# Some cuttin' and some millin'



## SDB777 (Jun 20, 2014)

As promised, I went to cut some timber this morning. It was a nice morning, little on the humid side but 'do-able'....
Cut about 25 trees(mostly American Sweetgum for the buttlogs), including a few White Sassfrass trees and some Black Cherry trees. Didn't really want the Black Cherry, but after a bit of weed clearing, I scored this! Burl, I took a quick 'peek' with the chainsaw, but I am thinking the whole piece is going to have some nice 'stuff' going on inside. Even grabbed a stump crotch Black Cherry piece to make a bowl out of!!!

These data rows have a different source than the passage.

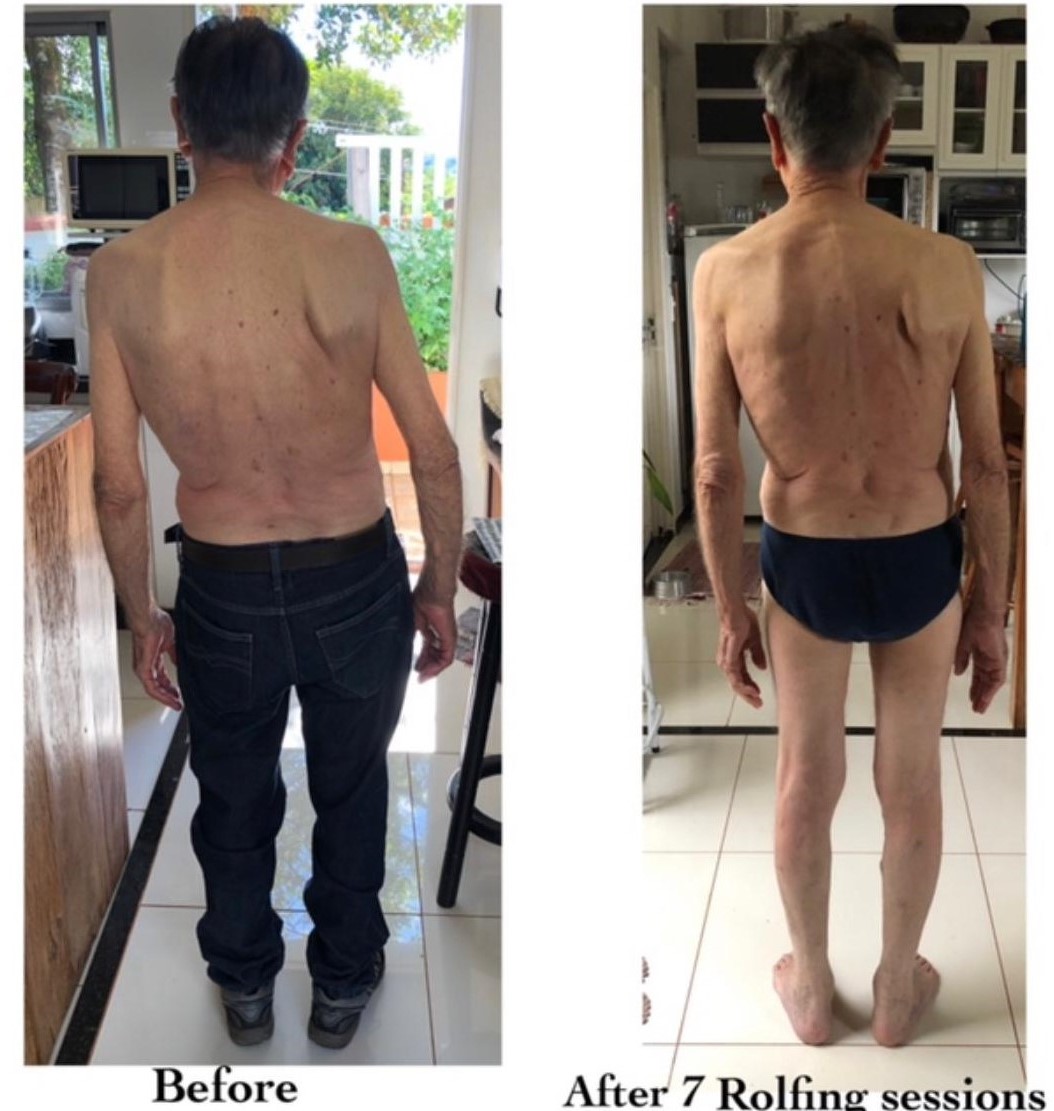 A client&rsquo;s posture seen from behind, before and after a series of seven Rolfing sessions with Joyce.
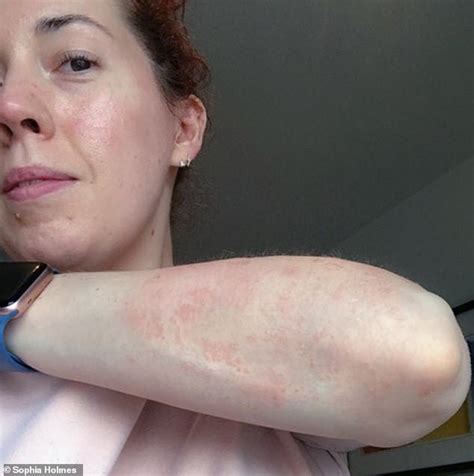 Psoriasis Sufferer Claims Cream Made From Plant Root Has Helped Skin Hot Lifestyle News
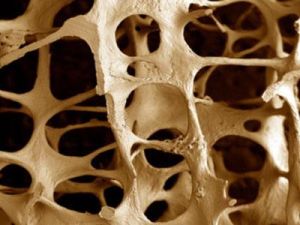 Как да приемате Ostegenone за лечение на остеопороза и други заболявания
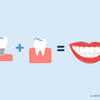 whitening fake and real teeth together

Got home and put all the saws away, and rolled another piece of Green Ash onto the bunk....yup, I think it'll fit? It did....it was all cut into either 1" thickness or 2-1/4" thick slabs.






to be continue'd.......

Reactions: Like 6 | Way Cool 1


----------



## SDB777 (Jun 20, 2014)

My view from the 'working end' of the sawmill....







Time to clean up, heard some thunder in the distance(sounded like a good excuse).






I'll start tomorrow morning on the Eastern Red Cedar dimensional lumber milling, not looking forward to sucking ERC dust in the heat, but it will get done. The Green Ash will get picked up in the morning....until next time.






Scott (it's fun millin' like a villian) B

Reactions: Like 3 | Way Cool 1


----------



## gvwp (Jun 20, 2014)

Love those Cherry burls. Cherry produces some of the most beautiful figured wood in burls. Its been awhile since I have seen any though. Good score!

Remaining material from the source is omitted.